People often ask me
What is big data?
The answer I usually give is
Any data too large to process using your normal tools & techniques.
That’s a very context dependent answer: last week in one case it meant one million records, too big for Stata on a laptop, and in another it meant a dataset growing at about 1TB per day. To put it another way, big data is anything where you have to think about the engineering side of data science: where you can’t just open up R and run
lm(), because that would take a day and need a terabyte of memory.
These days, people know all about map/reduce. It’s some big data processing paradigm Google invented in the mid-2000s, right? You can read what IBM has to say on that.
But don’t be too sure, because here is a
map() function from 1946. It’s an IBM 519 Document-Originating Machine. It’s pretty straightforward really. You load in the cards, wire up the control panel for whatever function you want, and start it running – at a breathtaking 100 cards per minute.
At the right is the panel configuration for “field-selected reproducing and comparing”, basically a SQL SELECT statement, with a check afterwards (because reproducing punch cards is an error-prone business).
Also, here is a
reduce() function from 1949, an IBM 407 Accounting Machine. It reads in a stack of cards and prints out summary statistics on them, totals, subtotals, etc.
Technologies change, but the basic approaches to processing data remain the same. The low-level, procedural, mechanical mode of thinking needed for this sort of equipment seemed to go away when randomly-seekable hard drives got cheap enough and relational databases came along in the 1970s. They offered a pure, set-theoretic way to think about your data. This is mostly what I learnt in undergraduate computer science.

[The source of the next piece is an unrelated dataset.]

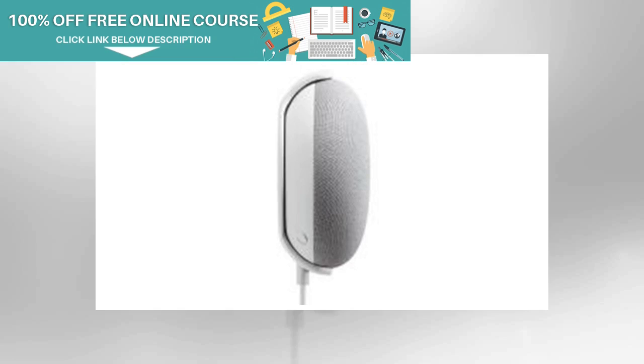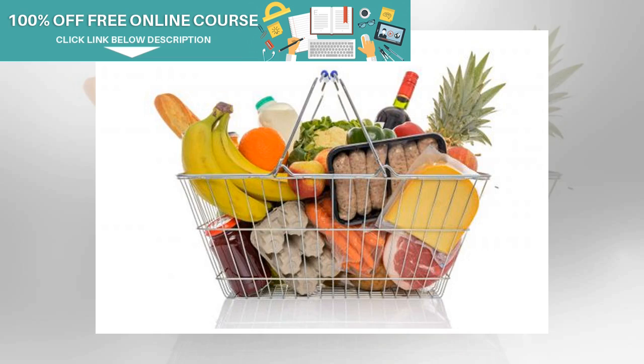Full crockery sets have been given the boot, as the ONS says people now prefer to buy individual items. Dinner plates have been included instead. Electric toothbrushes have been included for the first time too, while envelopes are another notable product now dropped due to increasing use of new technology for communication.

Then, for a time, web-scale data outgrew databases, and Hadoop forced everyone to think in terms of low-level constructs again. Even though you might be writing a Spark job in a high-level interpreted language and running it on terabytes of data, you’re basically just hooking up pieces of unit-record equipment.
Today, that end-of-month payroll job that might have taken hours to process through a room of IBM equipment takes milliseconds on a desktop accounting package. The same, eventually, will be true for most of what constitutes “big data” today – once the tools catch up. But then some, newer, bigger data will come along, and it will again reward people to work a little “closer to the metal”. The cycle never ends…